Start of Stored data
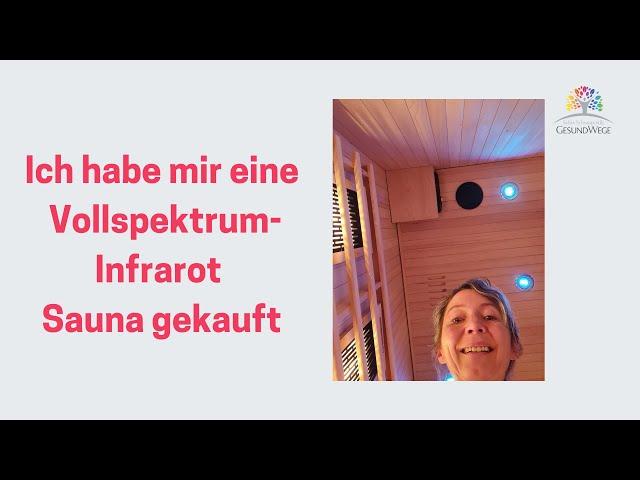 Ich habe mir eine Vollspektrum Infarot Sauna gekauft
End of Stored data
Start of Stored data
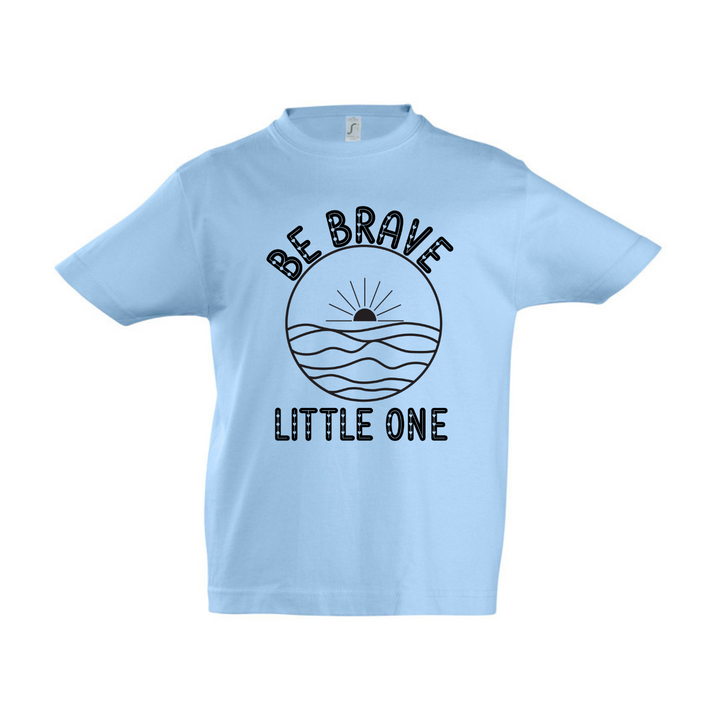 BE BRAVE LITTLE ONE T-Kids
End of Stored data
Start of Stored data
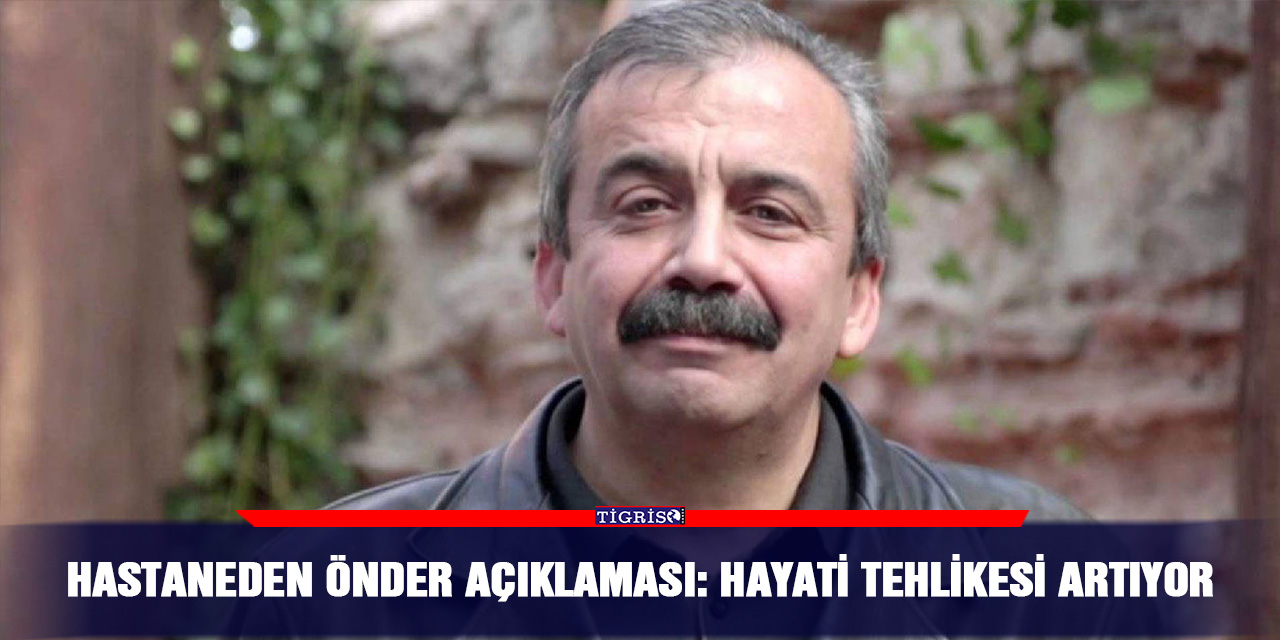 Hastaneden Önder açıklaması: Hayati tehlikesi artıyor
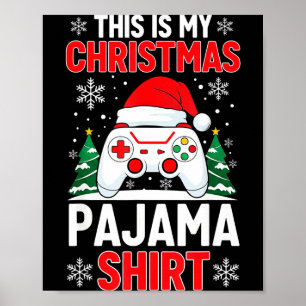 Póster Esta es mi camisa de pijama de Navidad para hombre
End of Stored data
■ Task brief ■
Return word for word the lines of the listing above, starting at the line with "Hastaneden Önder açıklaması: Hayati" and ending at the line with "Póster Esta es", both included. Pictures do not belong in the copy.

■ Exercise solution ■
 Hastaneden Önder açıklaması: Hayati tehlikesi artıyor
 Póster Esta es mi camisa de pijama de Navidad para hombre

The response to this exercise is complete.